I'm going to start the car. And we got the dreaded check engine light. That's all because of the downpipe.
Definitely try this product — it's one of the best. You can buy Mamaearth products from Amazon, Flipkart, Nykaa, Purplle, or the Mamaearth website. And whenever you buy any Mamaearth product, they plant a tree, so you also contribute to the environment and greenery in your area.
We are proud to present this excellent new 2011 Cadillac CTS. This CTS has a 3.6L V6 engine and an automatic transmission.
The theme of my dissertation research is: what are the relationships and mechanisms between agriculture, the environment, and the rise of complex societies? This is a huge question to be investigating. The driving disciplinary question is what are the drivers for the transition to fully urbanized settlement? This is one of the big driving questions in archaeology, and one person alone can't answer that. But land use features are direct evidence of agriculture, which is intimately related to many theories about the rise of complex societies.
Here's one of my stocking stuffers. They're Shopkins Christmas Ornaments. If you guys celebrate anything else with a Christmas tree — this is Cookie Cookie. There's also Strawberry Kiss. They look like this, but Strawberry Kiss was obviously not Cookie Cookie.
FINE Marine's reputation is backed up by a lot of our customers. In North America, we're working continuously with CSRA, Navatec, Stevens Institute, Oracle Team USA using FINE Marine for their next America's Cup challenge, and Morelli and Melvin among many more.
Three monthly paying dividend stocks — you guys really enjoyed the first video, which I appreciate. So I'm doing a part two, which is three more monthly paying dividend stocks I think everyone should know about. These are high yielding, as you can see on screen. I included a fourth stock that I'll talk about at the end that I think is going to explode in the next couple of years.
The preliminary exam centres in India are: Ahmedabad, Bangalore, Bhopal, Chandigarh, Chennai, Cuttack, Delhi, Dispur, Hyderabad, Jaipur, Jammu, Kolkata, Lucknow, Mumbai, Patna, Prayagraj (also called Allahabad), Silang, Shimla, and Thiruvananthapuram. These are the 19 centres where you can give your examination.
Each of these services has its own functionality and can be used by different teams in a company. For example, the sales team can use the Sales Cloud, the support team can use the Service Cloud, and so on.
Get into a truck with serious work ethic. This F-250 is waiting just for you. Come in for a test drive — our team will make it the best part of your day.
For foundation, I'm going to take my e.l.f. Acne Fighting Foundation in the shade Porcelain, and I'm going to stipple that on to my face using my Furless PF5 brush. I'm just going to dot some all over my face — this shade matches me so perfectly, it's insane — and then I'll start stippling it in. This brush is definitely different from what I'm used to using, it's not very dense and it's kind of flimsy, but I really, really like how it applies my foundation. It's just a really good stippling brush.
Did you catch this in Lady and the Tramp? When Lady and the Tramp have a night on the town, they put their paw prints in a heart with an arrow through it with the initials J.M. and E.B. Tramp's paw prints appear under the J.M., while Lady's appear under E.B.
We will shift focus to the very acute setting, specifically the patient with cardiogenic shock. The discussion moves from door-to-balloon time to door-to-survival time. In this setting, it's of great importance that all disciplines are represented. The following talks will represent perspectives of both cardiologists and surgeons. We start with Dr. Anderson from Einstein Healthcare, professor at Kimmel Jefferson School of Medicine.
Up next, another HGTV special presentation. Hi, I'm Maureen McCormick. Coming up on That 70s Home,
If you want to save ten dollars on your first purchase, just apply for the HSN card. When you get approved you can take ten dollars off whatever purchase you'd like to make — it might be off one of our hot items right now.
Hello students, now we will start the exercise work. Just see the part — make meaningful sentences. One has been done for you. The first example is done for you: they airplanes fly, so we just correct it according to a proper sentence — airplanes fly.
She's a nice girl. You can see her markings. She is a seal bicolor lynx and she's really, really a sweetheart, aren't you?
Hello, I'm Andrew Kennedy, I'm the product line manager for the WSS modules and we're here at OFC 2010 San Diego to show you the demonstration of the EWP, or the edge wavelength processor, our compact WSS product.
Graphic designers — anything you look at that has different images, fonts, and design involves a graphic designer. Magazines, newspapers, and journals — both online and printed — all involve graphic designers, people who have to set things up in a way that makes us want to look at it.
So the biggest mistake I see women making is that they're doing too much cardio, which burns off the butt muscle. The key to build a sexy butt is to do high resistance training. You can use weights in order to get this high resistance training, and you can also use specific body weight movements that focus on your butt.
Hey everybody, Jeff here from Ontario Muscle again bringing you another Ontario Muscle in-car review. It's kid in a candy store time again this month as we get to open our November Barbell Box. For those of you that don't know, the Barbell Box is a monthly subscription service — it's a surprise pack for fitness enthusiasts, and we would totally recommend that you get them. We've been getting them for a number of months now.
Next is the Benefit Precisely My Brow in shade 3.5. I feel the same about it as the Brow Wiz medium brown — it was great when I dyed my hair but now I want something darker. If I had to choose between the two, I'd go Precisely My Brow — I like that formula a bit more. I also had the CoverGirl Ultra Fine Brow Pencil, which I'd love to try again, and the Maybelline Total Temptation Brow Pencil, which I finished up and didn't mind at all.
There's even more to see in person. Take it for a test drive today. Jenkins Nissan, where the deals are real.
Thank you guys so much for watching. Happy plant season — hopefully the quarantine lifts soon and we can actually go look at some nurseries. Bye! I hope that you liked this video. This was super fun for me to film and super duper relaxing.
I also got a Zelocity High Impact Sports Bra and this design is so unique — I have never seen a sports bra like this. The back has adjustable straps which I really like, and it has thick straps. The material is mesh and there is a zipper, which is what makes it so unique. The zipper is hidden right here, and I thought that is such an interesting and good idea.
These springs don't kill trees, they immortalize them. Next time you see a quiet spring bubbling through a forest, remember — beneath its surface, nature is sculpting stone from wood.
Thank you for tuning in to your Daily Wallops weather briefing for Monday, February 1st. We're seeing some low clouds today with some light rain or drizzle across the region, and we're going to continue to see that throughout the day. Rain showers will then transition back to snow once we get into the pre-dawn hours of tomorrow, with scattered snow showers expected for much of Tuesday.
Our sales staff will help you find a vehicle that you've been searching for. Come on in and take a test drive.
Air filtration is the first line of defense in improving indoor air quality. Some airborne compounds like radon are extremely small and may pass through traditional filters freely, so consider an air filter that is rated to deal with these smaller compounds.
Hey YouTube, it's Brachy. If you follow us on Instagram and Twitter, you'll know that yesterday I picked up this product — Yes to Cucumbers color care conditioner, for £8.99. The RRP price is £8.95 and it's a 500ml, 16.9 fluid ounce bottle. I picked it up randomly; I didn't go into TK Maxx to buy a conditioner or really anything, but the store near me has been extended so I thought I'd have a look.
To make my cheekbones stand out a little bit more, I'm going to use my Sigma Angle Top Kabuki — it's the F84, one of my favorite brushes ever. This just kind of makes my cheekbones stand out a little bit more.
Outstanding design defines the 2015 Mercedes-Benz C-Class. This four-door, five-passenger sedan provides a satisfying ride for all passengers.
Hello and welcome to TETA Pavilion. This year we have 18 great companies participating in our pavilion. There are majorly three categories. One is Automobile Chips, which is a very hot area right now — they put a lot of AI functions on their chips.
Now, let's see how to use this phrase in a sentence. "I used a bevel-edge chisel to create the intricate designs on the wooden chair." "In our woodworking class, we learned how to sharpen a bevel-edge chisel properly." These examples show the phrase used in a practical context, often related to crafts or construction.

== == ==

* Work task
How many of the lines above include the string "test"? Answer with the number only.

* Answer for this exercise
3